12.15. Participation.
(a) Xxxxxxxx agrees that each person to which Xxxxxx sells any participation (such person, a “Participant”) shall be entitled to the benefits of Section 2.7 (subject to the requirements and limitations therein, including the requirements under Section 2.7(f) (it being understood that the documentation required under Section 2.7(f) shall be delivered to the participating Lender)) to the same extent as if it were a Lender and had acquired its interest by assignment pursuant to Section 12.1; provided that such Participant (i) agrees to be subject to the provisions of Section 2.7 as if it were an assignee under Section 12.1; and (ii) shall not be entitled to receive any greater payment under Section 2.5 or 2.7, with respect to any participation, than its participating Lender would have been entitled to receive, except to the extent such entitlement to receive a greater payment results from a Change in Law that occurs after such Participant acquired the applicable participation.

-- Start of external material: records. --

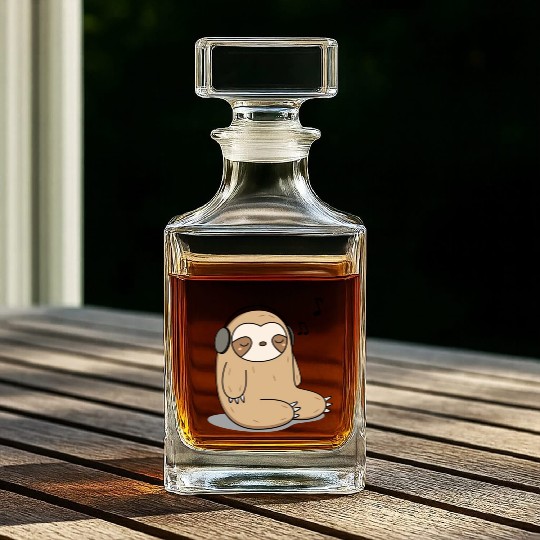 Music Sloth Whiskey Decanters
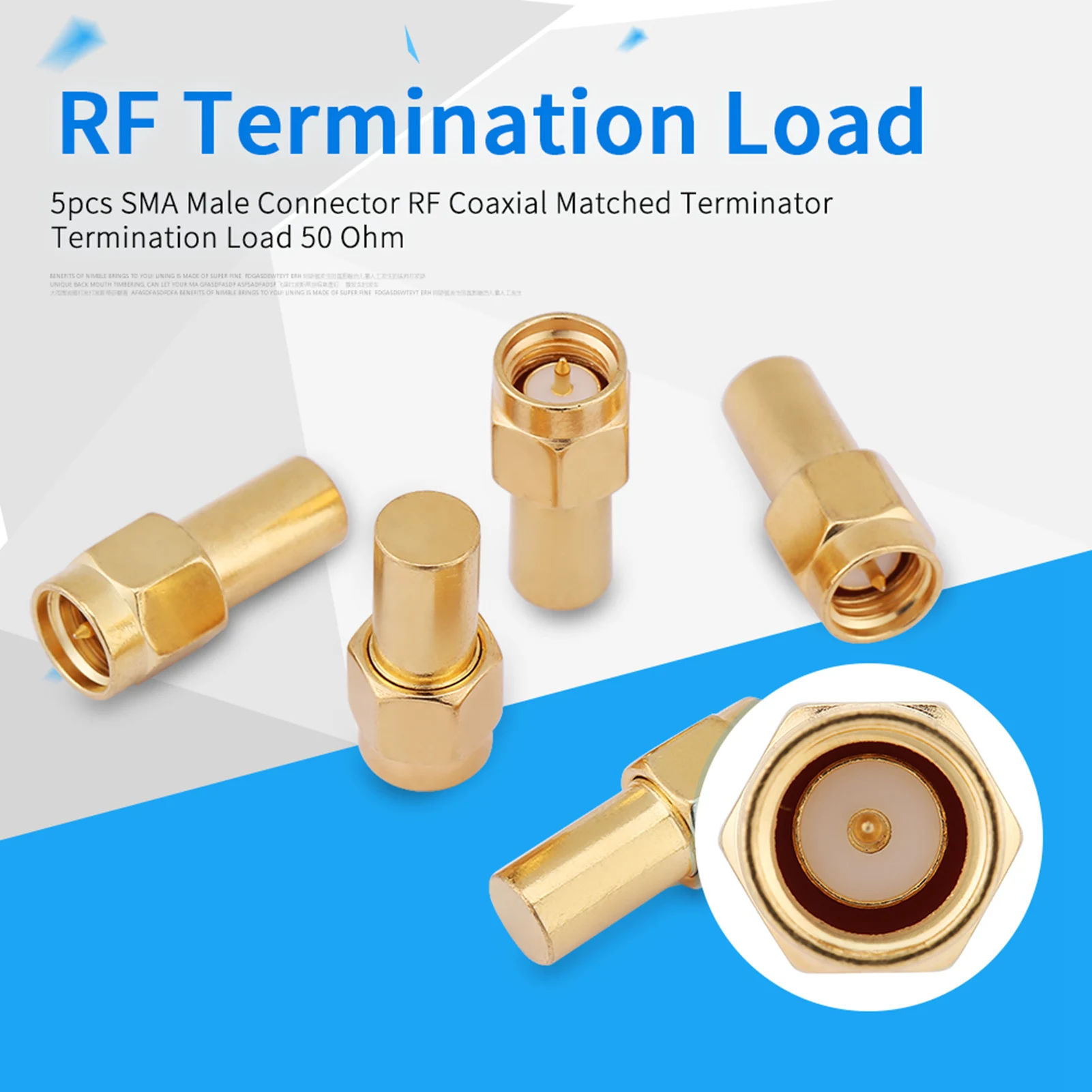 SMA Male Connector RF Coaxial Matched Terminator Termination Load 50 Ohm 2W Coaxial Load SMA Terminator RF Termination Load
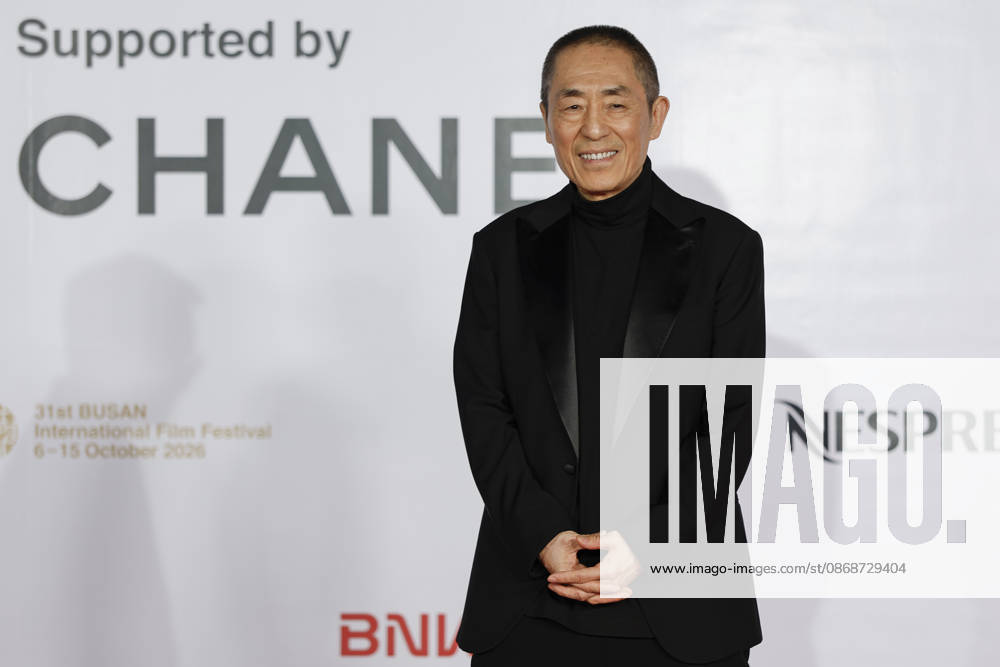 Stars gather at busan international film festival in south korea Chinese film director Zhang Yimou poses for photographs during a photocall ahead of the opening ceremony of the 31st Busan International Film Festival (BIFF) at the Busan Cinema Center in Busan, South Korea, on October 06, 2026. Busan South Korea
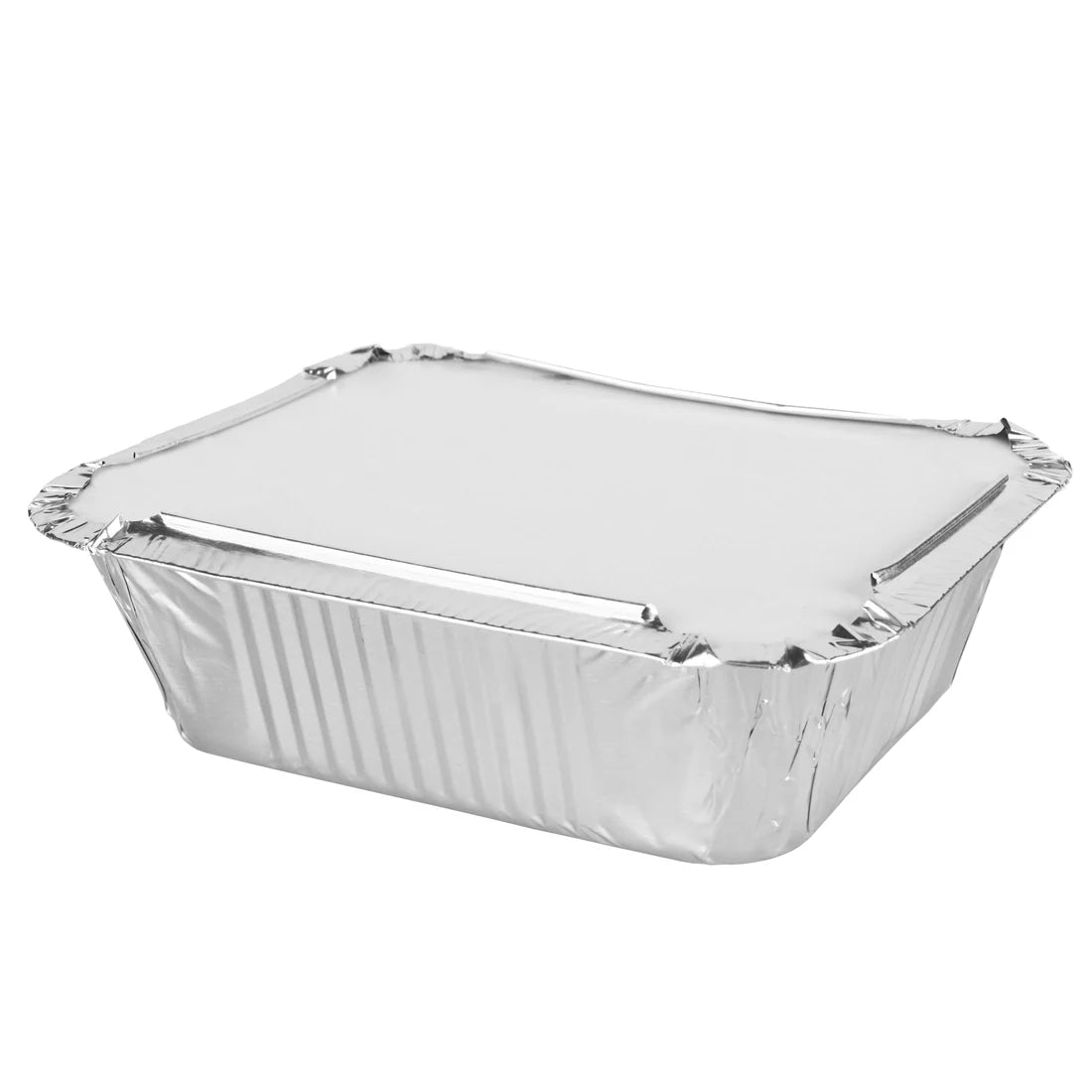 10 Pack Aluminium Containers With Lids 16oz
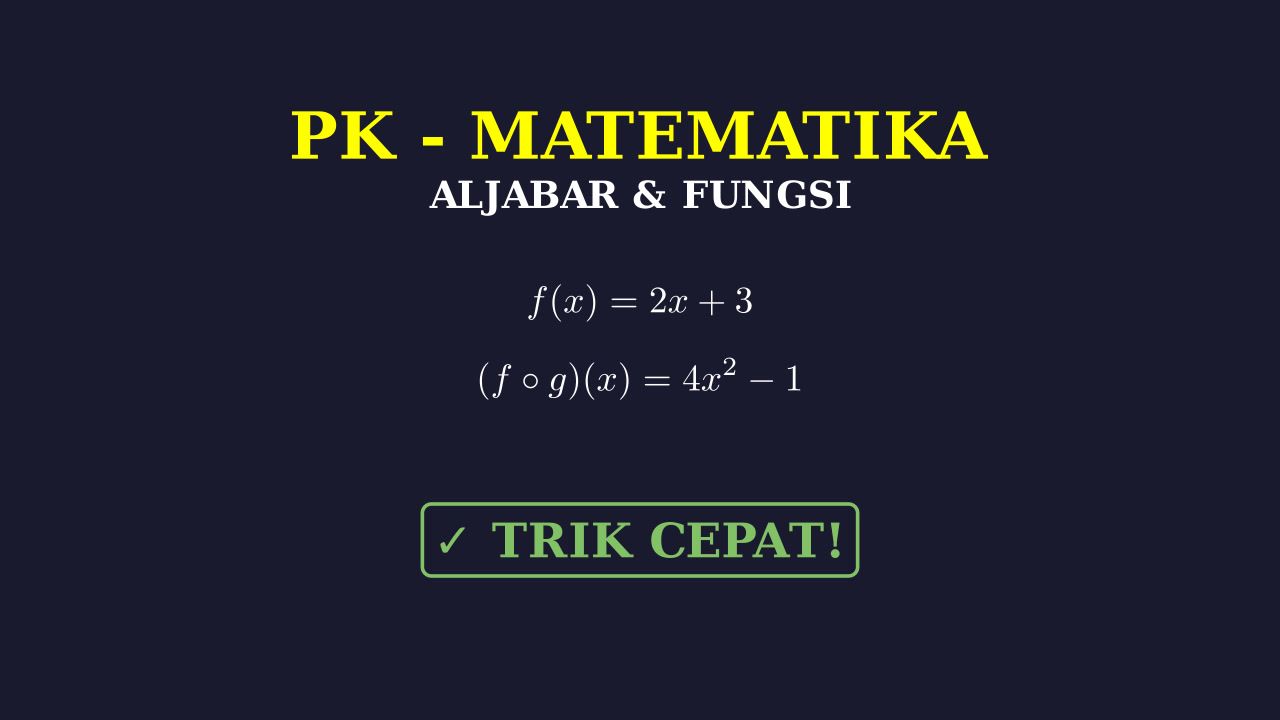 Fondasi Matematika PK dan PM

(b) If Agent sells any participation, Agent shall, acting solely for this purpose as a non-fiduciary agent of Xxxxxxxx, maintain a register on which it enters the name and address of each Participant and the principal amounts (and stated interest) of each Participant’s interest in the Credit Extensions or other obligations under the Loan Documents (the “Participant Register”); provided that no Lender shall have any obligation to disclose all or any portion of the Participant Register (including the identity of any Participant or any information relating to a Participant’s interest in any commitments, loans, letters of credit, or its other obligations under any Loan Document) to any Person except to the extent that such disclosure is necessary to establish that such commitment, loan, letter of credit, or other obligation is in registered form under Treasury Regulations Section 5f.103-1(c). The entries in the Participant Register shall be conclusive absent manifest error, and Agent shall treat each Person whose name is recorded in the Participant Register as the owner of such participation for all purposes of this Agreement notwithstanding any notice to the contrary.
13. AGENT.
13.1. Appointment and Duties. For the avoidance of doubt and notwithstanding anything else herein:
(a) Each Lender hereby appoints Agent (together with any successor Agent) as agent hereunder and authorizes Agent to (i) execute and deliver the Loan Documents and accept delivery thereof on its behalf from any Loan Party, (ii) take such action on its behalf and to exercise all rights, powers and remedies and perform the duties as are expressly delegated to Agent under such Loan Documents and (iii) exercise such powers as are incidental thereto.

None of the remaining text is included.